▶ _Record excerpts_:
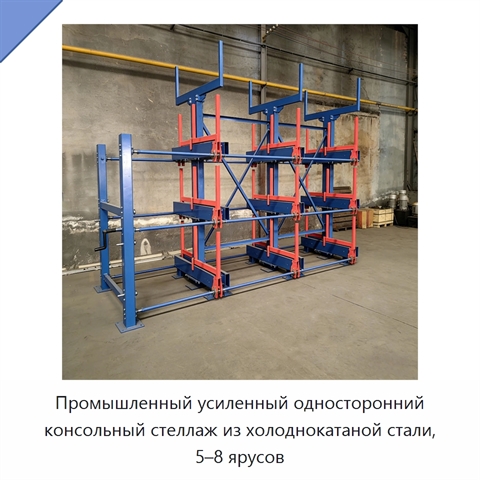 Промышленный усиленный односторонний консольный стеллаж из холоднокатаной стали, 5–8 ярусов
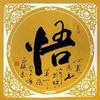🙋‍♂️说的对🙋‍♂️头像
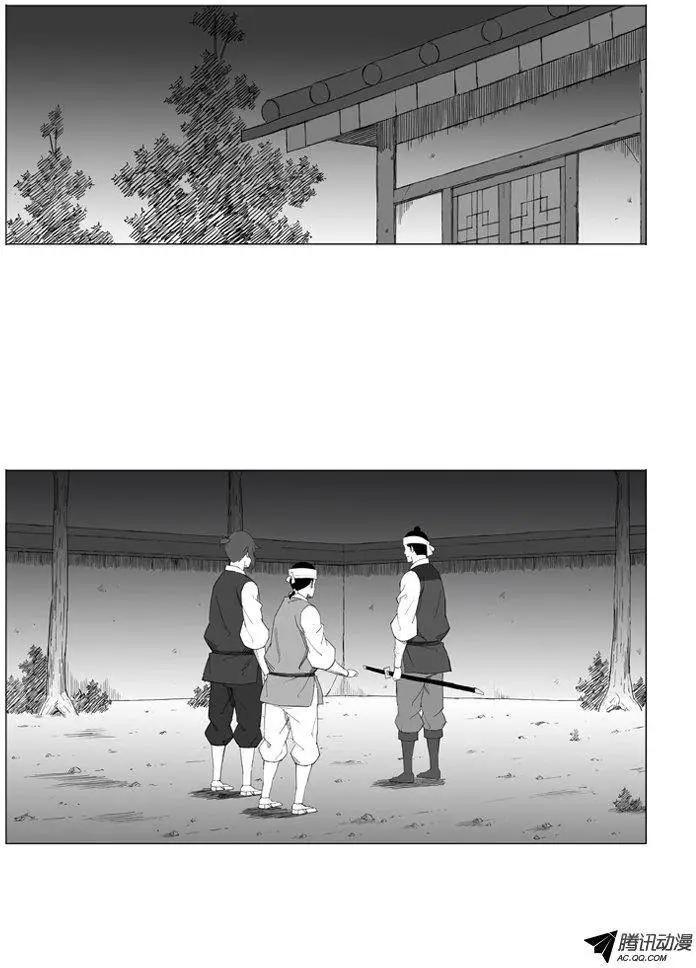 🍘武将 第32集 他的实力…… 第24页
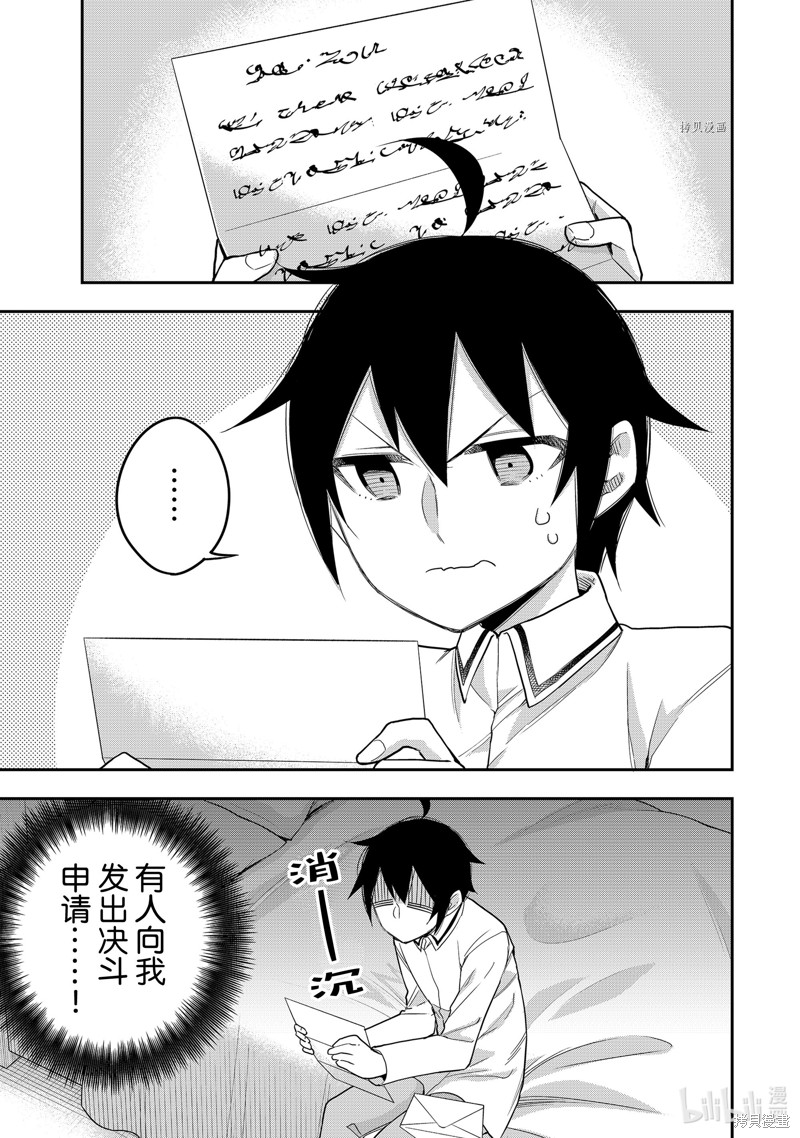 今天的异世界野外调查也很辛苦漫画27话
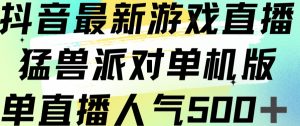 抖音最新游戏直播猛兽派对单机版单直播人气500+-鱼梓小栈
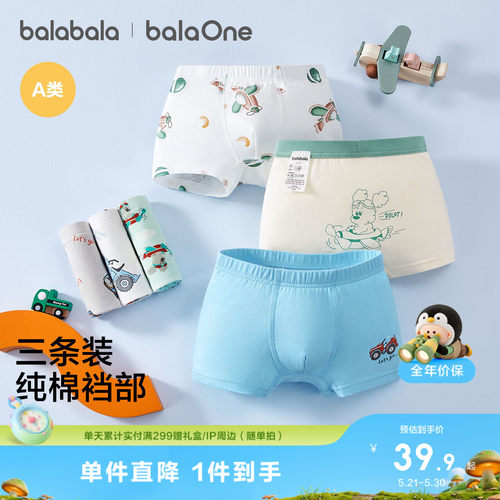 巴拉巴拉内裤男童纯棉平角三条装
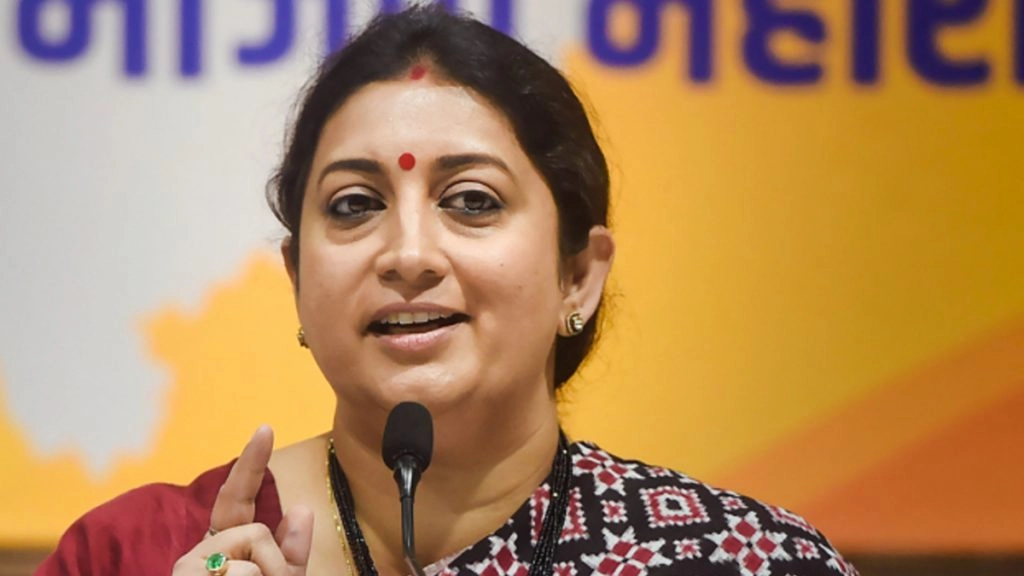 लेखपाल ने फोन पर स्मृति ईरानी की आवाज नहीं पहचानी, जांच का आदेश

...

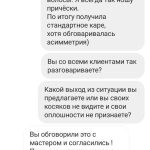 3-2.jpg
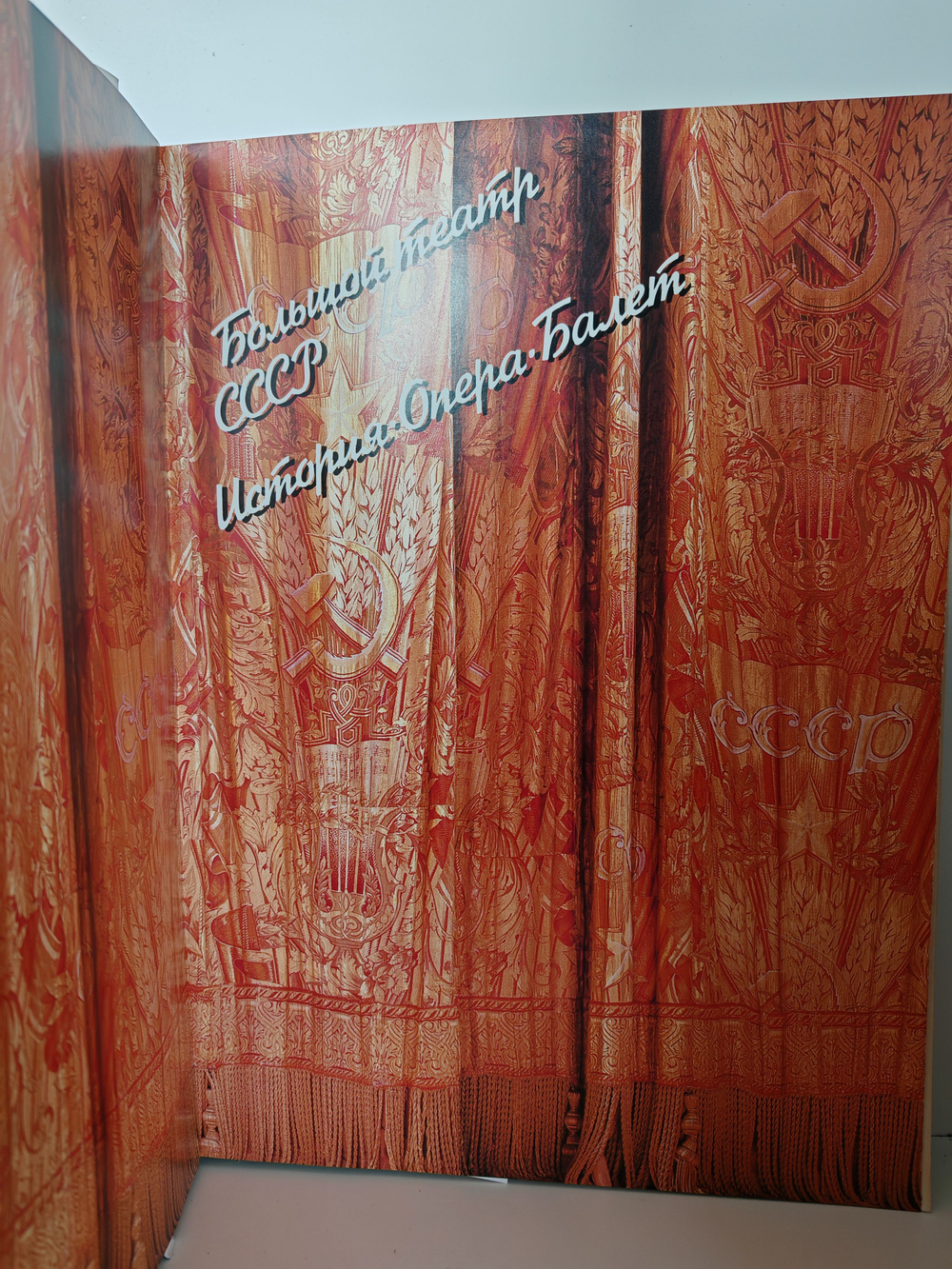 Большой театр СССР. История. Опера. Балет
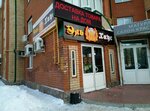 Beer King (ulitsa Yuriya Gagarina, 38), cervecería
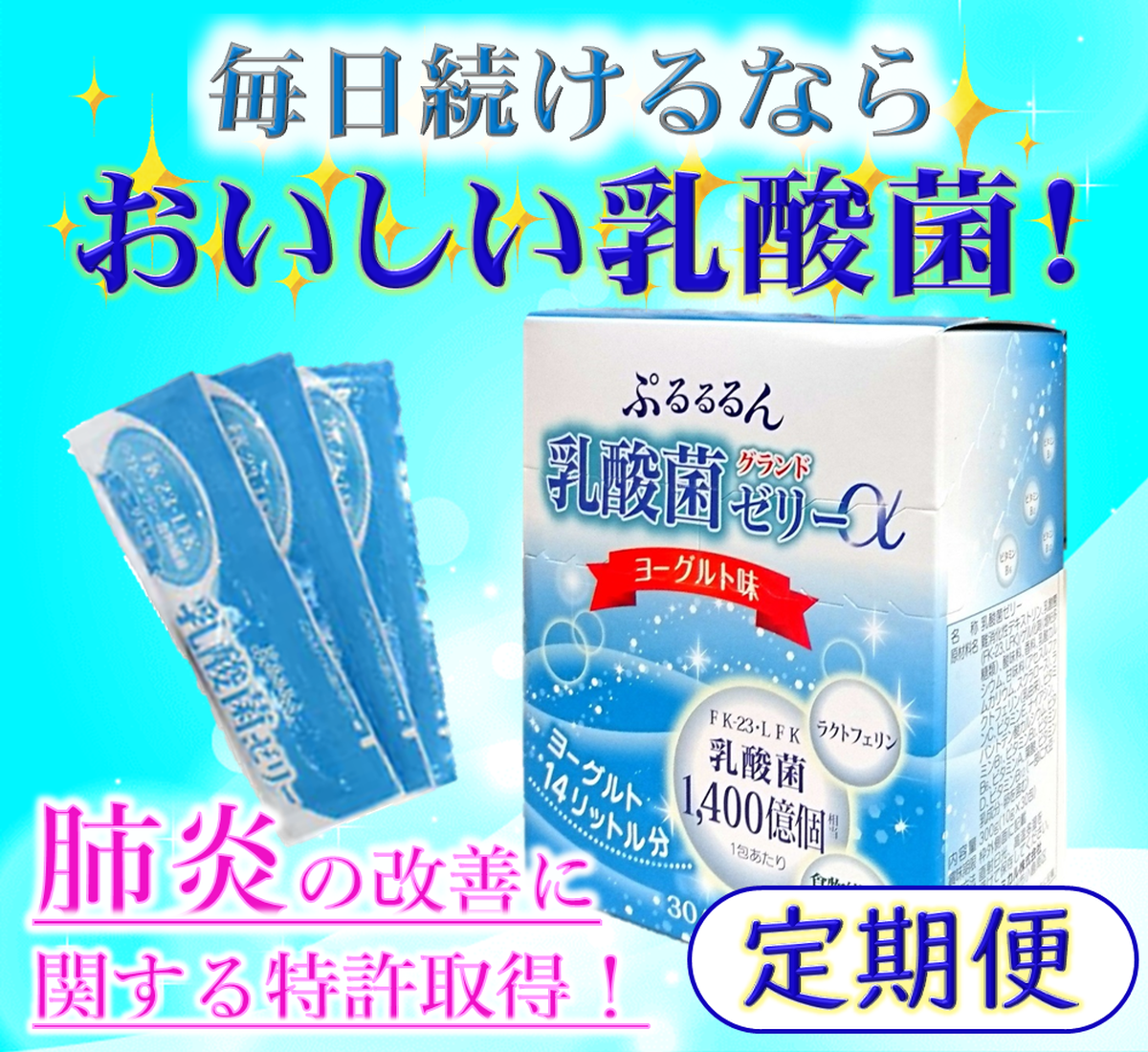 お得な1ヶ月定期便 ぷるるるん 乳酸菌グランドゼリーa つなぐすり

▶ _Requirement_:
Look above for the line with "Промышленный усиленный односторонний", then print it and each line after it down to and including the line with "लेखपाल ने फोन". Leave out the pictures and keep the wording exact.

▶ _Response for this exercise_:
 Промышленный усиленный односторонний консольный стеллаж из холоднокатаной стали, 5–8 ярусов
🙋‍♂️说的对🙋‍♂️头像
 🍘武将 第32集 他的实力…… 第24页
 今天的异世界野外调查也很辛苦漫画27话
 抖音最新游戏直播猛兽派对单机版单直播人气500+-鱼梓小栈
 巴拉巴拉内裤男童纯棉平角三条装
 लेखपाल ने फोन पर स्मृति ईरानी की आवाज नहीं पहचानी, जांच का आदेश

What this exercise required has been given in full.